_To do_
Where the records below show a line containing "2015 Yamaha 150", start copying; end with the line containing "ORYGINALNE ETUI SILIKONOWE", and copy it too.
=== Data for this exercise ===
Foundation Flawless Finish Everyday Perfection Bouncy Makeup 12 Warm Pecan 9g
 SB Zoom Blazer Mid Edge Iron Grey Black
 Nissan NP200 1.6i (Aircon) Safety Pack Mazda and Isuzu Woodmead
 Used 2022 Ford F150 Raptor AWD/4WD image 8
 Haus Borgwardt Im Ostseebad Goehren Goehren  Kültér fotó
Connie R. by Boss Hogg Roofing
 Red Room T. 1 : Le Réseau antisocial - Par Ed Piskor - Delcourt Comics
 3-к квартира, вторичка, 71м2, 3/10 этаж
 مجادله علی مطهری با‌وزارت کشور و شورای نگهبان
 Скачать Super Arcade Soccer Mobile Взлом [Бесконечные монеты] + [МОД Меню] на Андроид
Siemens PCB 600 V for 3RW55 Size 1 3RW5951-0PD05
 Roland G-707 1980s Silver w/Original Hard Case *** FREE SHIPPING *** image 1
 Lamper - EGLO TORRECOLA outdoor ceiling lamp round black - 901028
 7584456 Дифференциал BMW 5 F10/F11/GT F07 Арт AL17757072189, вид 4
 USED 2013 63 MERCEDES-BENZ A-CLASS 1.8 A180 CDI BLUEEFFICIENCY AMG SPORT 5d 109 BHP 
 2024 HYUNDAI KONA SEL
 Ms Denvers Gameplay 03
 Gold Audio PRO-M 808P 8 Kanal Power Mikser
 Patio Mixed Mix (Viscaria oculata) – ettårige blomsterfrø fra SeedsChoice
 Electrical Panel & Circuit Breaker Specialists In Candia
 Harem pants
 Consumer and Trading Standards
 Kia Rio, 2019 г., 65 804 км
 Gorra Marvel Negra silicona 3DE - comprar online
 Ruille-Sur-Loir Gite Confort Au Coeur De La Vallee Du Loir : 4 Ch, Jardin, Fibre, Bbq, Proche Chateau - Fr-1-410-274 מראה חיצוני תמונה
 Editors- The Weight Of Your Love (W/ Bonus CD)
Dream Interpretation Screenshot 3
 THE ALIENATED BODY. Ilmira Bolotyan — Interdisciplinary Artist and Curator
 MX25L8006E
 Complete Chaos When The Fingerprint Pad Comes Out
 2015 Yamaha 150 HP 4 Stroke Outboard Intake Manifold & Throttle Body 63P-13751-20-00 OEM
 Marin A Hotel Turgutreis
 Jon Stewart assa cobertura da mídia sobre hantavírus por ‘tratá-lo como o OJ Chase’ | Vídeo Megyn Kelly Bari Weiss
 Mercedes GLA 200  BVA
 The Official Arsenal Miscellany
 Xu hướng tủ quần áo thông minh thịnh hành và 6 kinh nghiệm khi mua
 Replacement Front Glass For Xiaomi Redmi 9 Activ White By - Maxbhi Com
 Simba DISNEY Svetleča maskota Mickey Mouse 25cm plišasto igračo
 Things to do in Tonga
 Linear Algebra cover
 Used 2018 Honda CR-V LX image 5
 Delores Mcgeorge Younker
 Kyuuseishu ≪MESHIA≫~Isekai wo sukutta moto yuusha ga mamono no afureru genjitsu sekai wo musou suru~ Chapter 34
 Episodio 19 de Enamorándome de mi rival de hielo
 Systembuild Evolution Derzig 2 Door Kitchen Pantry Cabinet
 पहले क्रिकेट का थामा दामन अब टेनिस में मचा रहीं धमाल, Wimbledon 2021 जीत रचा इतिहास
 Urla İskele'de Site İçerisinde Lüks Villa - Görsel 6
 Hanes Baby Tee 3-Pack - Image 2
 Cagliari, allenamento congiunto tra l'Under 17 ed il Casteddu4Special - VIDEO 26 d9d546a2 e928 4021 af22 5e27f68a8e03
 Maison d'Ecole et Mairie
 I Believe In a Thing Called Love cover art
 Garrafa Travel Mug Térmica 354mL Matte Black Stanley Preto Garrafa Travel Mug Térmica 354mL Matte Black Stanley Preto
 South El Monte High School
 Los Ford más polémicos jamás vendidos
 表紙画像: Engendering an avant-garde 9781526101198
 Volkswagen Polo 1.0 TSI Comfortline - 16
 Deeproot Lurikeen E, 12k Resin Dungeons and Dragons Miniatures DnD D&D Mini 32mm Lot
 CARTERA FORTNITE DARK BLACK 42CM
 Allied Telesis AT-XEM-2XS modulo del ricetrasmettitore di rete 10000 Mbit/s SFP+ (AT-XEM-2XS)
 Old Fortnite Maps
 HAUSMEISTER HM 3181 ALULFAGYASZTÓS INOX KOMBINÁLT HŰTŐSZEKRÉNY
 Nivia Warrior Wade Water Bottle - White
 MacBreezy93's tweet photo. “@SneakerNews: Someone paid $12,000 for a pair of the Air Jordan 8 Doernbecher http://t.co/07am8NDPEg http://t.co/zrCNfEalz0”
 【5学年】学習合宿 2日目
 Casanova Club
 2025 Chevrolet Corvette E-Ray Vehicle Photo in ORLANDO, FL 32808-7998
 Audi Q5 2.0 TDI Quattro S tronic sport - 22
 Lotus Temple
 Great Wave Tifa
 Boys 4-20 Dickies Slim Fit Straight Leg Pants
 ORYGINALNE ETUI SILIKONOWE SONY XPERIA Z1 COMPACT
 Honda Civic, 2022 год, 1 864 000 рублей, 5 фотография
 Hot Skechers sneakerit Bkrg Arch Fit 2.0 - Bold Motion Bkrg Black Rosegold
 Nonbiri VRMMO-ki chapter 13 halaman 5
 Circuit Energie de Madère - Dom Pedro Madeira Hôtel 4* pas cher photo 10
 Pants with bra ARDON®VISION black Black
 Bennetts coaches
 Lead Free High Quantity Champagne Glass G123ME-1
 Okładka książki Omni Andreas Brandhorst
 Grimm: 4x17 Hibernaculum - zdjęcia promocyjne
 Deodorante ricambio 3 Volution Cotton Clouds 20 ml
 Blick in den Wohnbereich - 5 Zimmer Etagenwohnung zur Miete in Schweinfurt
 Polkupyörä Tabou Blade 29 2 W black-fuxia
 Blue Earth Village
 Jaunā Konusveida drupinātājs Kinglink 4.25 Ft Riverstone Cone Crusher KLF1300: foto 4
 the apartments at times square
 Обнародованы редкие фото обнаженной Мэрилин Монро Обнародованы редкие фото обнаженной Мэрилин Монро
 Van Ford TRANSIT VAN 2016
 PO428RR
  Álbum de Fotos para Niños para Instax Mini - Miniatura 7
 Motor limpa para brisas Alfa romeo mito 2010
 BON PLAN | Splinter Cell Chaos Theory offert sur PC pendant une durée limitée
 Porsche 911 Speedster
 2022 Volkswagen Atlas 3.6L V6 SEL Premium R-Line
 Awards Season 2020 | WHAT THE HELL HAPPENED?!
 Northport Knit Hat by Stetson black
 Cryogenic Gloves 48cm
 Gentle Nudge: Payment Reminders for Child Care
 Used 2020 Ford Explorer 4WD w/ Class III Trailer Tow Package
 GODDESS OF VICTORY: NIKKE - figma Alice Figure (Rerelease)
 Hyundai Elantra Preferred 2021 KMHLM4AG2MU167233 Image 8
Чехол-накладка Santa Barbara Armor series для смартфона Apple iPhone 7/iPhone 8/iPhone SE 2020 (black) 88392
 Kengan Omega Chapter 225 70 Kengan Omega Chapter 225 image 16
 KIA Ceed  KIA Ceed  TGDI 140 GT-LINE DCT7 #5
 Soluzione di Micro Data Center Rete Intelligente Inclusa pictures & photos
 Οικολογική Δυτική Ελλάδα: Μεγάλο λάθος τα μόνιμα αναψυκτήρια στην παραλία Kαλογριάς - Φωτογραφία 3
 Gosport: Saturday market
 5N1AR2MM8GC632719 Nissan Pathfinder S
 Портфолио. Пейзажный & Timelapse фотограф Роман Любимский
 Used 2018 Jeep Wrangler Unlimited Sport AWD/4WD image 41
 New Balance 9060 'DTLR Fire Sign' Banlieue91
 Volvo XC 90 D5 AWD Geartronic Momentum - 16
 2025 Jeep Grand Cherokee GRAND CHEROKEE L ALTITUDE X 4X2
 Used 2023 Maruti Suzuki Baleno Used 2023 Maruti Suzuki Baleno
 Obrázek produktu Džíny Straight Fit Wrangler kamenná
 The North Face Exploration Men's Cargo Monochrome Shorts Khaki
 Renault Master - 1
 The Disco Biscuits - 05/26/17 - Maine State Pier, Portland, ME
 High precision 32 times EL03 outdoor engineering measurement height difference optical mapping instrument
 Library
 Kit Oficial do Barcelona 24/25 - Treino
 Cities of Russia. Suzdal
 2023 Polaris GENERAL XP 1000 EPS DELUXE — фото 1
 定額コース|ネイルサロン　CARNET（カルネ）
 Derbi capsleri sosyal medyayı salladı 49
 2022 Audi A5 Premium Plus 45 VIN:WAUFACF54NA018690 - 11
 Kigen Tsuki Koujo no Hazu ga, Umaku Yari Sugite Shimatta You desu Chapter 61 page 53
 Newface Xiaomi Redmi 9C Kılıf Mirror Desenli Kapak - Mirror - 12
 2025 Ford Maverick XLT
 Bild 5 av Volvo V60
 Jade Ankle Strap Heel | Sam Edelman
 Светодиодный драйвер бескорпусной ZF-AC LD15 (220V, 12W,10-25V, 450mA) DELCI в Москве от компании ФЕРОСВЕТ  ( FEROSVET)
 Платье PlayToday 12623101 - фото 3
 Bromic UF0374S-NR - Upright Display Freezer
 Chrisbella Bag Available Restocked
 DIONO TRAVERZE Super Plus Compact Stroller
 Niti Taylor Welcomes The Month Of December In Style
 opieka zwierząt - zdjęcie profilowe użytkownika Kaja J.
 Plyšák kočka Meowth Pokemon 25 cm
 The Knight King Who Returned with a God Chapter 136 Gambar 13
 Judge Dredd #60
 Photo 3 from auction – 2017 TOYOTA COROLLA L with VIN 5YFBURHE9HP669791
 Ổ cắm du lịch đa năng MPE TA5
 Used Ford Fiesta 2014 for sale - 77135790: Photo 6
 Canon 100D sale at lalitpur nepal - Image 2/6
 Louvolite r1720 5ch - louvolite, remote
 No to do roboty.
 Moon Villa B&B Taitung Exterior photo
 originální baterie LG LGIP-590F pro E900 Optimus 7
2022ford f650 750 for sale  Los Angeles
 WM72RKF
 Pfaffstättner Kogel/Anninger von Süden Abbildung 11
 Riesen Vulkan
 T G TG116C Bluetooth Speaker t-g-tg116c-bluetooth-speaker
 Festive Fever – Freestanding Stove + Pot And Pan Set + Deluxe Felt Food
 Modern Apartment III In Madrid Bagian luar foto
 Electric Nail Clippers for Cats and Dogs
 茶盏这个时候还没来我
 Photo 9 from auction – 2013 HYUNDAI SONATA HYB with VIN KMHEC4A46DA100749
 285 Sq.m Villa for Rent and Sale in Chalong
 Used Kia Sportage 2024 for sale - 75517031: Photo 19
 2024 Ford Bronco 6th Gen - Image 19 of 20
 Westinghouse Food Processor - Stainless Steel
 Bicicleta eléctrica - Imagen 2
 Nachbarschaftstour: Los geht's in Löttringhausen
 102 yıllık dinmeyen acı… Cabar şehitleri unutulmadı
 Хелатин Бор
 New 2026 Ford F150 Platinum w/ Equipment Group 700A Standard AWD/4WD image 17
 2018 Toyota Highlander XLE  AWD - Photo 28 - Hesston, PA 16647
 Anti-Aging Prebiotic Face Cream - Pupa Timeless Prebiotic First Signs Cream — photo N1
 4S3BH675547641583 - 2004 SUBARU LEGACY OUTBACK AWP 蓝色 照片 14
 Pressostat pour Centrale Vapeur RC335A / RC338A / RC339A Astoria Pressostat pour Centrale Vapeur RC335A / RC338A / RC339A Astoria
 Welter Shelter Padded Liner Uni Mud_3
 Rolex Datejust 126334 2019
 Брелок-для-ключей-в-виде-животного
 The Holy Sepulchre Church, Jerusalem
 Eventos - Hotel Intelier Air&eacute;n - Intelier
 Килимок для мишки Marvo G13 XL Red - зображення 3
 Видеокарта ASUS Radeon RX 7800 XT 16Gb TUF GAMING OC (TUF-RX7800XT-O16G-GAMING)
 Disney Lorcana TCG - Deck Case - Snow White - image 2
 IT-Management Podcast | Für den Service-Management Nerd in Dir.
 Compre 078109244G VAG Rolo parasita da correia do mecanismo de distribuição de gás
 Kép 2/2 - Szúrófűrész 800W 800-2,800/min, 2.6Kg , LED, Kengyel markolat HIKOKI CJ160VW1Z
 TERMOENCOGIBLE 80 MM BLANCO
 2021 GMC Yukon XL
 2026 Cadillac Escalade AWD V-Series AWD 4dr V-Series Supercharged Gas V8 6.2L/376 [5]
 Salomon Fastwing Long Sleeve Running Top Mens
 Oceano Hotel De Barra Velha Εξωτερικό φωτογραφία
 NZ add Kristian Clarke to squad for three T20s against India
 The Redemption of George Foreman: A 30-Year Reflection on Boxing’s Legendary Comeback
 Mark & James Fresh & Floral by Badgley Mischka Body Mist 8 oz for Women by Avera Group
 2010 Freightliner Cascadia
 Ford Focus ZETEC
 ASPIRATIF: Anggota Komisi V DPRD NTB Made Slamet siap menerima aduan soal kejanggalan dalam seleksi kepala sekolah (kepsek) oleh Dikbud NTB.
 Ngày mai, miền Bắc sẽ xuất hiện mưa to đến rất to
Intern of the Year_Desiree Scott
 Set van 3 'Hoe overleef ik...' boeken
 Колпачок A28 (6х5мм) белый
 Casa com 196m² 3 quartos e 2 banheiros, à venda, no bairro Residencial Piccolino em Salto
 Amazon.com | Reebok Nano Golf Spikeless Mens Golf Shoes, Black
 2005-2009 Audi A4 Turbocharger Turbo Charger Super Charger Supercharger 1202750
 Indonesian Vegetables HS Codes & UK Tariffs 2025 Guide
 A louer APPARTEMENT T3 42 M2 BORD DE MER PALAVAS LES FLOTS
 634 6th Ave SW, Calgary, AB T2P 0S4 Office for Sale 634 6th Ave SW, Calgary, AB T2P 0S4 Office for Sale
===
_Solved exercise_
 2015 Yamaha 150 HP 4 Stroke Outboard Intake Manifold & Throttle Body 63P-13751-20-00 OEM
 Marin A Hotel Turgutreis
 Jon Stewart assa cobertura da mídia sobre hantavírus por ‘tratá-lo como o OJ Chase’ | Vídeo Megyn Kelly Bari Weiss
 Mercedes GLA 200  BVA
 The Official Arsenal Miscellany
 Xu hướng tủ quần áo thông minh thịnh hành và 6 kinh nghiệm khi mua
 Replacement Front Glass For Xiaomi Redmi 9 Activ White By - Maxbhi Com
 Simba DISNEY Svetleča maskota Mickey Mouse 25cm plišasto igračo
 Things to do in Tonga
 Linear Algebra cover
 Used 2018 Honda CR-V LX image 5
 Delores Mcgeorge Younker
 Kyuuseishu ≪MESHIA≫~Isekai wo sukutta moto yuusha ga mamono no afureru genjitsu sekai wo musou suru~ Chapter 34
 Episodio 19 de Enamorándome de mi rival de hielo
 Systembuild Evolution Derzig 2 Door Kitchen Pantry Cabinet
 पहले क्रिकेट का थामा दामन अब टेनिस में मचा रहीं धमाल, Wimbledon 2021 जीत रचा इतिहास
 Urla İskele'de Site İçerisinde Lüks Villa - Görsel 6
 Hanes Baby Tee 3-Pack - Image 2
 Cagliari, allenamento congiunto tra l'Under 17 ed il Casteddu4Special - VIDEO 26 d9d546a2 e928 4021 af22 5e27f68a8e03
 Maison d'Ecole et Mairie
 I Believe In a Thing Called Love cover art
 Garrafa Travel Mug Térmica 354mL Matte Black Stanley Preto Garrafa Travel Mug Térmica 354mL Matte Black Stanley Preto
 South El Monte High School
 Los Ford más polémicos jamás vendidos
 表紙画像: Engendering an avant-garde 9781526101198
 Volkswagen Polo 1.0 TSI Comfortline - 16
 Deeproot Lurikeen E, 12k Resin Dungeons and Dragons Miniatures DnD D&D Mini 32mm Lot
 CARTERA FORTNITE DARK BLACK 42CM
 Allied Telesis AT-XEM-2XS modulo del ricetrasmettitore di rete 10000 Mbit/s SFP+ (AT-XEM-2XS)
 Old Fortnite Maps
 HAUSMEISTER HM 3181 ALULFAGYASZTÓS INOX KOMBINÁLT HŰTŐSZEKRÉNY
 Nivia Warrior Wade Water Bottle - White
 MacBreezy93's tweet photo. “@SneakerNews: Someone paid $12,000 for a pair of the Air Jordan 8 Doernbecher http://t.co/07am8NDPEg http://t.co/zrCNfEalz0”
 【5学年】学習合宿 2日目
 Casanova Club
 2025 Chevrolet Corvette E-Ray Vehicle Photo in ORLANDO, FL 32808-7998
 Audi Q5 2.0 TDI Quattro S tronic sport - 22
 Lotus Temple
 Great Wave Tifa
 Boys 4-20 Dickies Slim Fit Straight Leg Pants
 ORYGINALNE ETUI SILIKONOWE SONY XPERIA Z1 COMPACT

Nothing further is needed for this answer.